Que vaut un pays où il est plus contraignant de louer son appartement que de mourir, où expulser des squatteurs de son domicile est plus difficile que d’en finir avec la vie ! Ce texte est le reflet de ce qu’est devenu notre société, un cirque à ciel ouvert où tout part à vau-l’eau, où les mots sont manipulés, violés pour en changer le sens, la teneur, où l’on se glorifie de tout ce qui porte à détruire l’humain au lieu de le protéger, où il est systématiquement mis au centre de tous les problèmes alors qu’il devrait être vu comme la solution, où la vie n’est plus sacrée mais un paramètre encombrant qu’il faut contrôler de la plus stricte des façons avec un coût réduit à zéro. Pendant le Covid, on ne soignait plus, maintenant, voilà qu’on tue. La vie est devenue ce CO2 pourchassé partout par cette clique d’hallucinés qui ne vénère que le sombre et le douteux et n’ont d’extase que pour ce qui limite la grandeur de l’homme, son originalité, sa splendeur. L’idéologie qui soutient ce texte a-t-elle gangrené tout l’hémicycle ? Sont-ils tous rangés du côté de ceux qui préfèrent tuer plutôt que de soigner, accompagner, soutenir ? L’humanité n’aurait pas la noblesse de se comporter comme les animaux qui eux n’ont pas pour leurs congénères la violence et le mépris que nous affichons pour notre prochain. Certes les animaux ne se soignent pas, mais ils se protègent les uns les autres, les forts protègent les faibles dans une meute ou un troupeau et ils ne se tuent pas entre eux et n’abandonnent les leurs que quand tout espoir est perdu.

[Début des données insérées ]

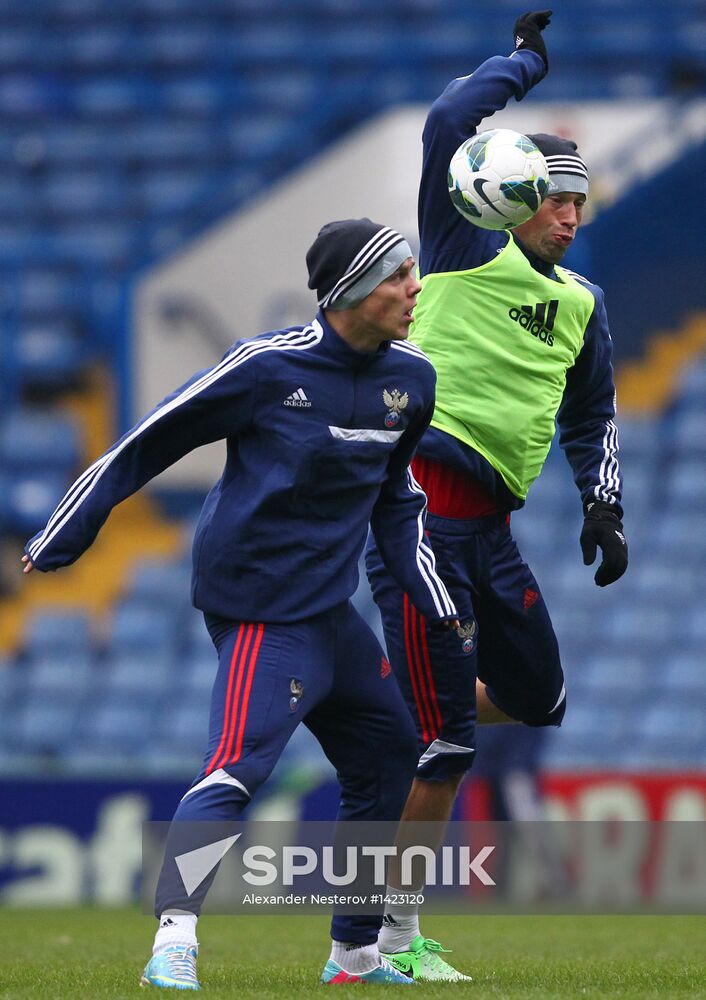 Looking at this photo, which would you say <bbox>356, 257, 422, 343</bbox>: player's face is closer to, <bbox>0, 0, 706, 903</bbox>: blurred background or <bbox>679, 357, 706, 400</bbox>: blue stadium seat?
<bbox>0, 0, 706, 903</bbox>: blurred background

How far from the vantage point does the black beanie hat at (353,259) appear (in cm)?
471

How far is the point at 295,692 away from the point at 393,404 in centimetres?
85

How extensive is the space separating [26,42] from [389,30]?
3.53 meters

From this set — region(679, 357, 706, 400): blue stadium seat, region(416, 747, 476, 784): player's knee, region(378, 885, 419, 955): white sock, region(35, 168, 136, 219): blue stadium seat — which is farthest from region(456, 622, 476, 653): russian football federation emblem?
region(35, 168, 136, 219): blue stadium seat

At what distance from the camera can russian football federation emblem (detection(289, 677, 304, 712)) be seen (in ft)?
15.2

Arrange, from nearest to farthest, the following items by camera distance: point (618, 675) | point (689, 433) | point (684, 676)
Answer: point (684, 676) < point (618, 675) < point (689, 433)

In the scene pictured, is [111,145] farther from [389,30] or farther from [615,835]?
[615,835]

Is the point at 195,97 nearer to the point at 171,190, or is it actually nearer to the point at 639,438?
the point at 171,190

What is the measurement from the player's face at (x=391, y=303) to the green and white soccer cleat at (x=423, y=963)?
6.24 ft

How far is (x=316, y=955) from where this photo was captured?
6066mm

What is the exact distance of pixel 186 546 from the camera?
1427cm

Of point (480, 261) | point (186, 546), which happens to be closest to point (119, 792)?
point (186, 546)

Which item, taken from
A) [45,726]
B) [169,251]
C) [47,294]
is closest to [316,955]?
[45,726]

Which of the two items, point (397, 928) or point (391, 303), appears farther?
point (397, 928)
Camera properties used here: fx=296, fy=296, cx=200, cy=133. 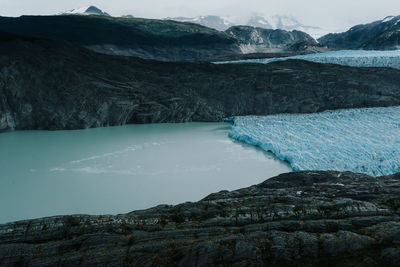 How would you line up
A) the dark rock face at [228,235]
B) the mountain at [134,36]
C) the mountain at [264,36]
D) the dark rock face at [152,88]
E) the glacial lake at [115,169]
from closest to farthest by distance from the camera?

Les parlementaires en adoptant un tel texte s’éloigneront de ce qui faisait l’originalité et la grandeur de la France des droits de l’homme qui permet désormais de subventionner un meurtrier étranger et d’éliminer un parent. Qu’est devenue notre conscience éclairée, basée sur le respect de la vie et la volonté de la préserver coûte que coûte ? La mort ne peut pas être donnée sans barrières, sans s’être assuré que le patient est pleinement libre de son choix, qu’il n’y a pas d’autres solutions pour abréger des souffrances intenables, ou une pathologie à l’issue inéluctable. La mort ne peut pas être dispensée sans que l’on ne soit certain qu’il n’y a aucune pression sociale ou financière qui influencerait la décision. Et que dire du regard qui sera porté sur le médecin qui entrera dans la chambre et pour lequel le patient pourra toujours craindre le geste qu’il sera amené à faire sur lui. Ce texte doit être rejeté, la vraie dignité commence là.